Não há dia em que não se oiça dizer que a sociedade contemporânea apresenta grande complexidade. Não admira por isso que nos anúncios de emprego se procurem profissões muito variadas, sobretudo, como alguém disse, estetas, terapeutas e gestores; e que em geral pareça que nenhuma actividade pode ser desempenhada a não ser por aqueles que já a desempenham; e que quem não a desempenha seja escarnecido por não saber o que é realmente desempenhá-la; e que ninguém saiba a que repartição se dirigir, ou como se monta uma mesa; e que todos se queixem de não perceber nada do que se passa; e que o centro não se aguente.
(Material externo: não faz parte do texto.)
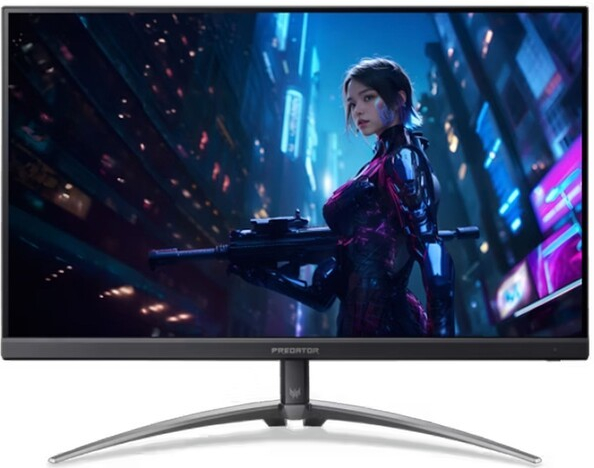 Acer Predator X32QFS recenze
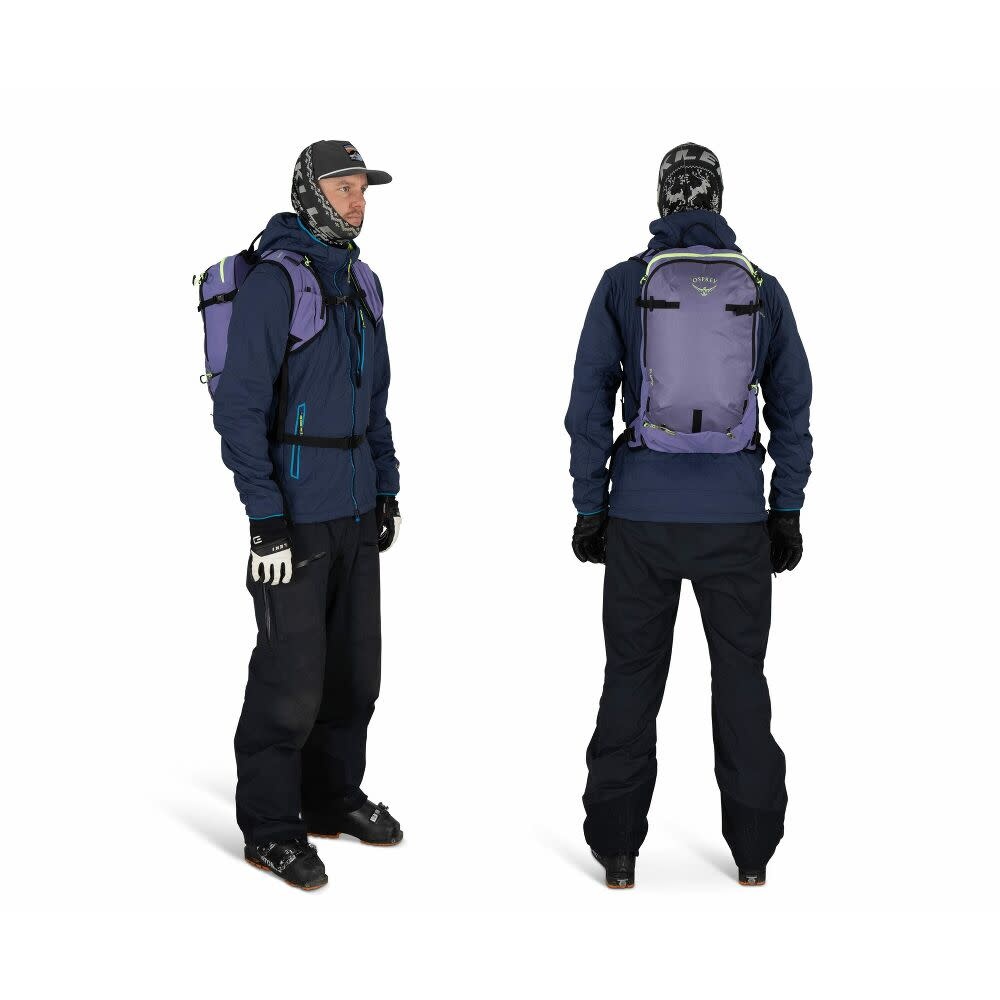 Osprey Sac à dos Firn 18
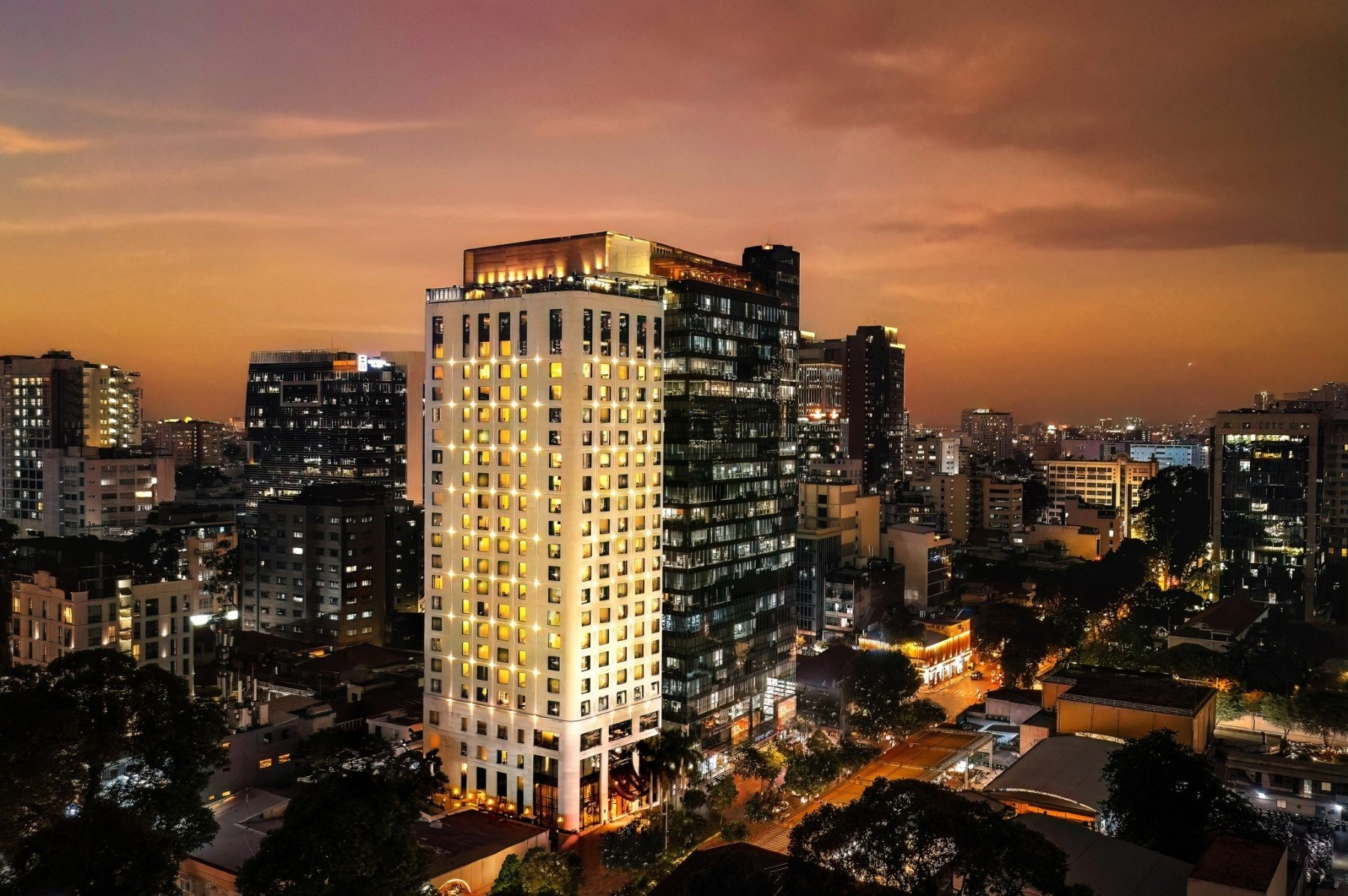 Hôtel des Arts Saigon - MGallery Collection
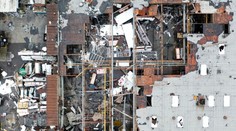Rarita, kterou nikdo nechtěl. V Los Angeles řádilo tornádo, zničilo 11 budov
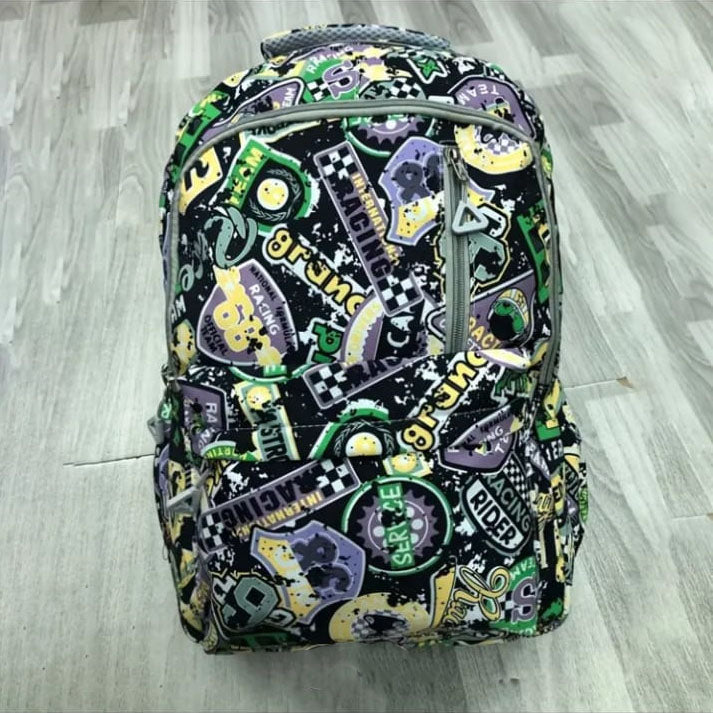 Craze Amaze Backpack - Unisex Backpack for Girls/Boys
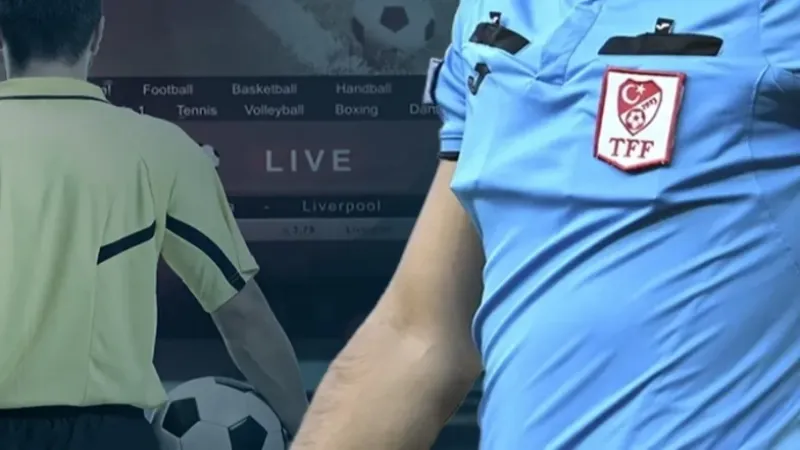 PFDK'dan bahis cezaları yağmuru! 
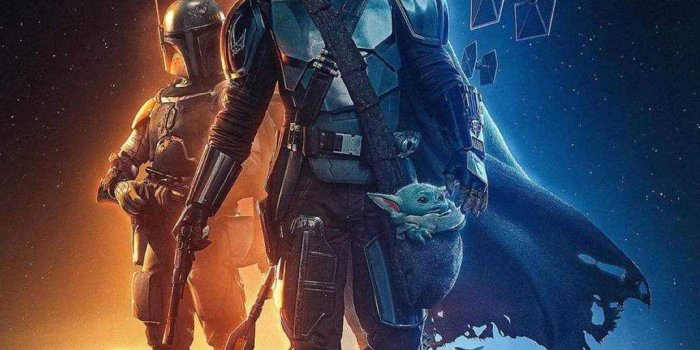 1025x1280 Mandalorian Wallpaper - iXpap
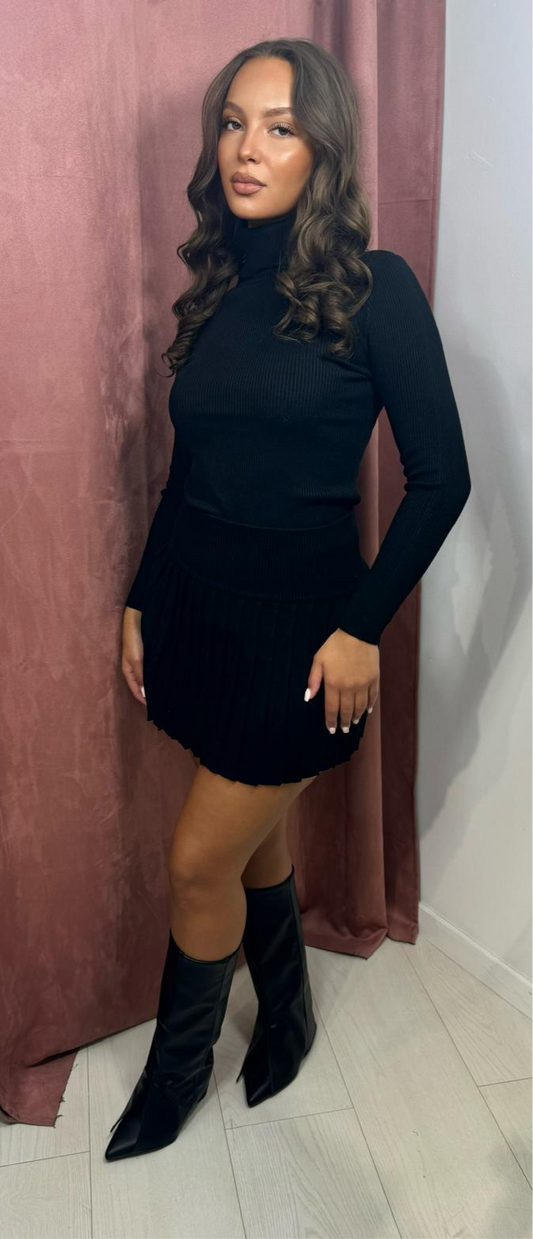 Luna Rok Black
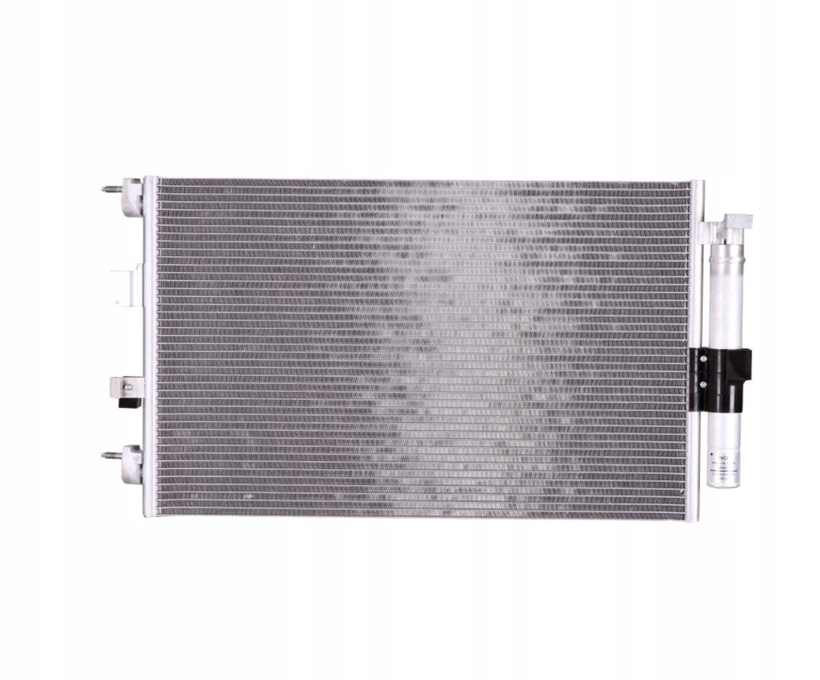 фото №1, Конденсатор кондиционера ford c-max 10.14-- 1907402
A complexidade das sociedades é porém uma ideia que as pessoas costumam ter sobre as sociedades em que vivem.

Inversamente, a simplicidade é uma característica atribuída a sociedades em que as pessoas não podem aspirar viver. A simplicidade que os mundos de Giotto ou de Fred Flintstone têm para nós deve-se ao seu carácter inacessível. Têm a reputação de ser simples apenas porque viver na Florença do princípio do século XIV ou na cidade de Bedrock não são para nós possibilidades razoáveis. E se fossem, a única coisa que lá encontraríamos seria uma multidão de nativos a celebrar a simplicidade dos tempos perdidos de Fídias ou do Rato Mickey.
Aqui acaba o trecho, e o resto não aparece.